Why iPhone apps are so cheap. - rodyancy
http://www.streamingcolour.com/blog/2009/07/13/my-iphones-not-cheap-but-my-apps-are/

======
roc
Simply: Apps are so cheap because the bar for entry is low. People can't
successfully charge $10 for something a reasonably talented high school
student could make (and consider a runaway success if it brought in a couple
hundred dollars). And I don't think that's a bad thing.

And the popular 'app vs subway token' kinds of comparisons are ultimately
unfair.

You don't pay $2 to ride the subway. You pay $2 to _get somewhere_ ; because
the destination is worth it and you know you'll get there.

If you had no idea where the subway stopped and whether it would get anywhere
close to where you were going, let alone in a timely manner, how eager would
you be to step through the turnstile for $2?

Similarly, if you didn't know anyone who had successfully gotten where they
were going via the subway, or if the last few times you rode the subway you
had terrible experiences, how eager would you be to step through the turnstile
for $2?

------
jerf
You know, it's funny. People frequently accuse credit cards of enabling you to
spend money freely because you don't see physical cash changing hands, so you
don't think about it. Yet here we have a case where if you could actually hand
two dollar bills to someone, you might be _more_ likely to do so, whereas when
the transaction is entirely virtual you hesitate.

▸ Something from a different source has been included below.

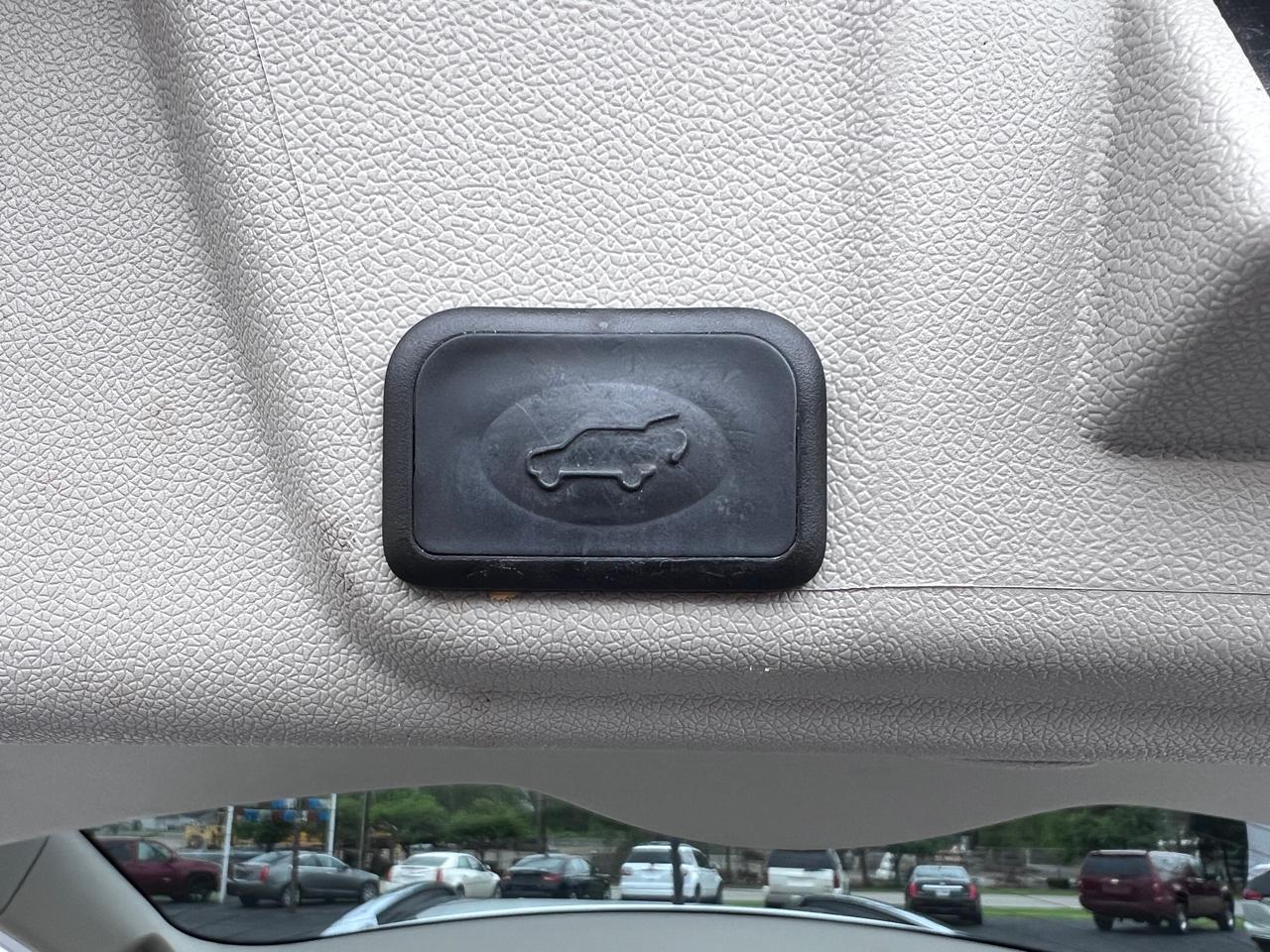 Buick Enclave FWD 4dr Convenience 2017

I can't speak for everybody, but I can see where _my_ reluctance to buy XBox
games online comes from. (I don't have an iPhone but it would be the same way
for me there.) My brain circuits for game buying were initialized when I was a
kid, when $10 dollars was a lot, not because of inflation but because it was
all the discretionary income I had for several months. (Think 10 or 12 here.)
I've gotten over this, because I have noticed the irrationality of dropping
$20 for a movie in the store on a whim on some item but choking on a $5 game
that will last ten times longer, but it took me a while. Now, while I don't
think of myself as rich and actually don't *want" to think of myself as rich
lest I become too loose with the money, the truth is that the occasional $10
or $20 purchase isn't going to meaningfully change my financial position. It
has taken my brain a bit to notice that. It doesn't help that I've spent
several years of my adult life where $20 did matter.

Brains are funny things.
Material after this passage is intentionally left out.